Friday, August 6, 2010
James Stewart made Destry Rides Again (1939) right after Mr. Smith Goes to Washington, confirming his new identity as the ideal American. Marlene Dietrich had just finished a long run of playing the exotic foreign temptress, and with this film began a new phase of her career, as a good old gal, always up for a good time, even if she has a Kraut accent. Director George Marshall had been working steadily, but with little distinction since his stint with Laurel & Hardy early in the decade. After Destry, he was identified as a major comedy director, working with Bob Hope, Lewis & Martin and Lucille Ball. Interestingly enough, he was rarely called on for Westerns, other than How The West Was Won. What is it about this film that made all the stars align?
A lot of those qualities are evident in the long clip I posted above, almost a whole reel long. First, you are struck with the lavish and handsome production, especially for a cheap outfit like Universal in 1939. That has to be one of the largest saloon sets this side of Warner's Errol Flynn epics. It is lit and shot with a lot of depth and variety, depth of field being used to delineate characters through the complex staging. The acting is full-throated, based in vaudeville rather than the Actor's Studio. Most of the actors are content to play simple types (especially Charles Winninger as the sheriff) so as to throw the leading roles into stronger relief. Everyone on hand is thoroughly familiar with the conventions of the genre, and rather than subvert them, as in Blazing Saddles, overplays them. This approach demonstrates a greater trust in the audience's ability to discern the contrast between the conventions of the genre and Destry's unconventional behavior (not to mention Frenchy's), as opposed to Brooks's whack-'em-on-the-head treatment.

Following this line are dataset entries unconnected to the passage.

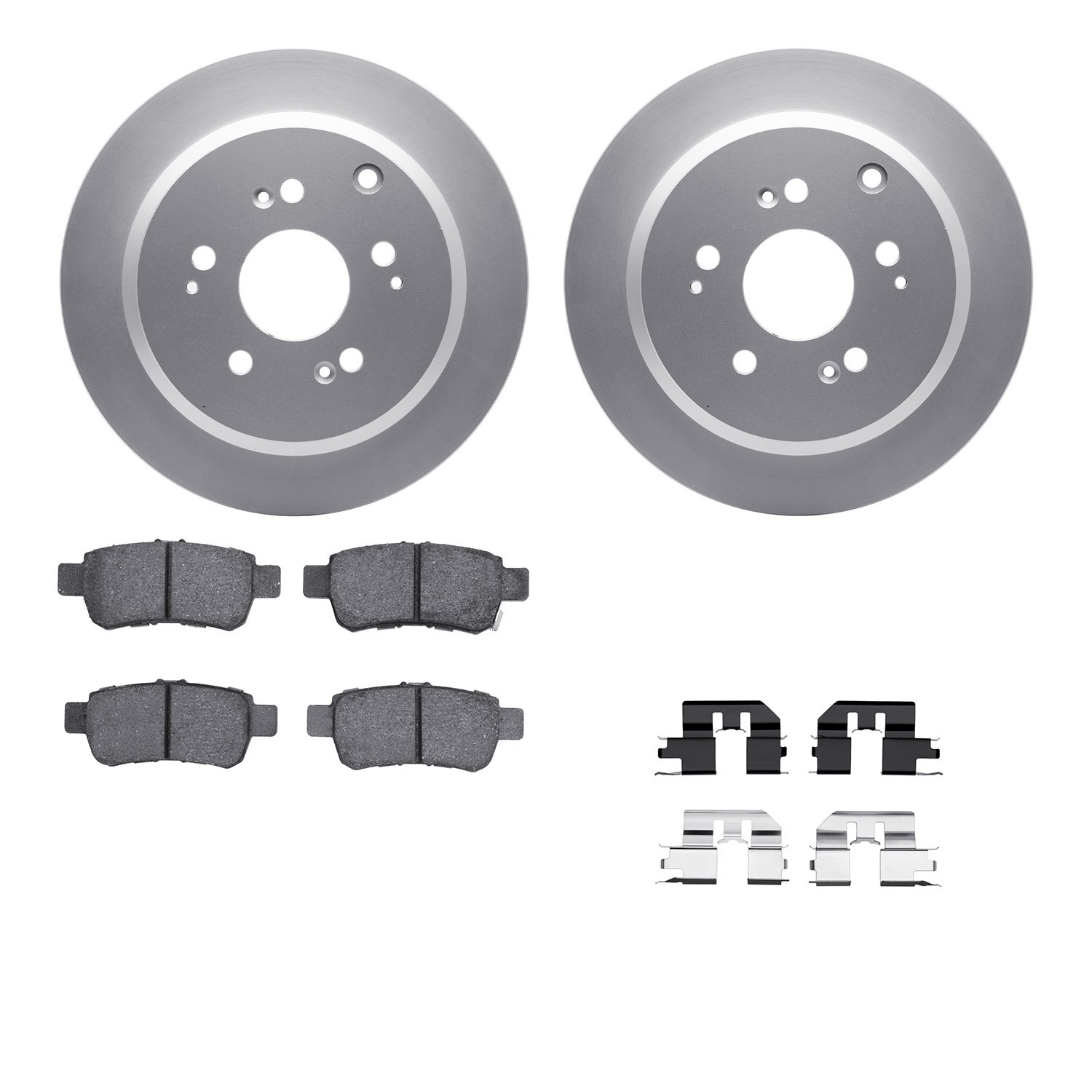 4512-59170 Geospec Brake Rotors w/5000 Advanced Brake Pads Kit & Hardware, 2005-2010 Acura/Honda, Position: Rear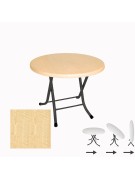 Klasik Katlanır Masa Yuvarlak (70 cm Çap) - (Werzalit, Wermodin ve Allzalit Tabla) - Akçaağaç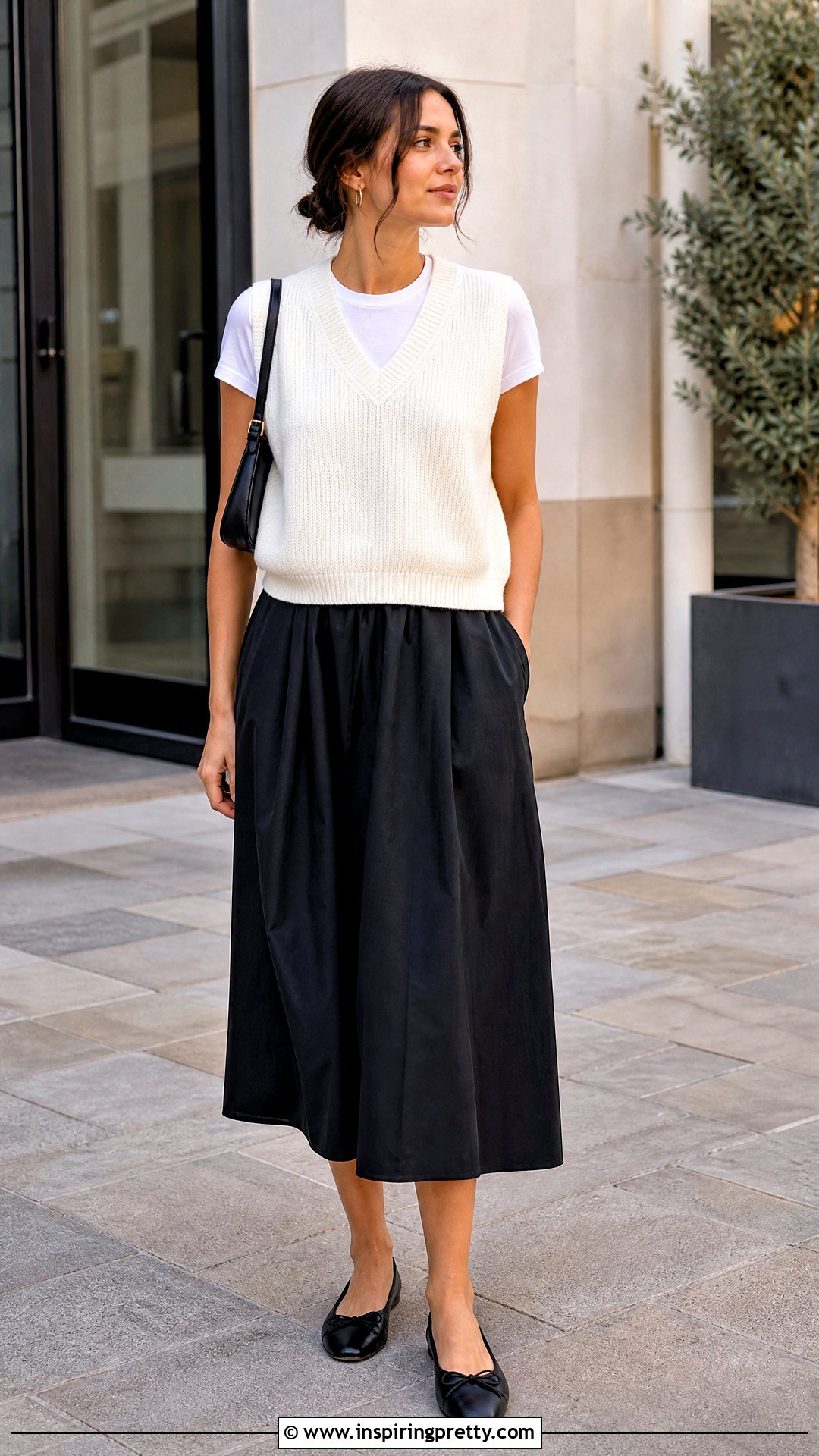 White Sweater Vest With Poplin Skirt - 50 white tops for women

I read on the Interwebs that the script bears no relation to the Max Brand workaday cowboy novel it is based on, so clearly the filmmakers set out to have some fun, and the producers were hoping to come up with a new brand for studio star Dietrich by borrowing Jimmy Stewart from MGM to have some of his all-Americanness rub off on her. It worked, though I suspect that this character was a lot closer to Dietrich's own off-screen personality than the oogie-boogie voodoo lady they had made her into at Paramount.
Stewart's Destry feels likes a precursor of the James Garner persona: practical, unromantic, but affable. He is, in short, like Jefferson Smith, our idealized image of ourselves as Americans. Frenchie, Marlene Dietrich's role, has absorbed some of that in her time in the States, but as can be seen in the clip above, she is still passionate and excitable, and she will pay for that passion as the story goes on. So we see that European-ness cannot survive in the West--which symbolizes the entire American experiment--while patience and a good-humored tolerance for the differences among us provide the survival tools we will need.
So while this is a "town and saloon" Western--not one set against the landscape or against the hostility of the natives, it still has something to say about who we are and what we should be, especially in this war year of 1939. Perhaps that is why it is so appropriate for Dietrich to be "Frenchie." The name, I presume, comes from the locals, who figure all Europeans are interchangeable, and that a dance-hall girl (Hollywood code for prostitute) should be French. But it is also appropriate that she bears the name of the French, who proved to be utterly unprepared for what would come in the War and suffered for it.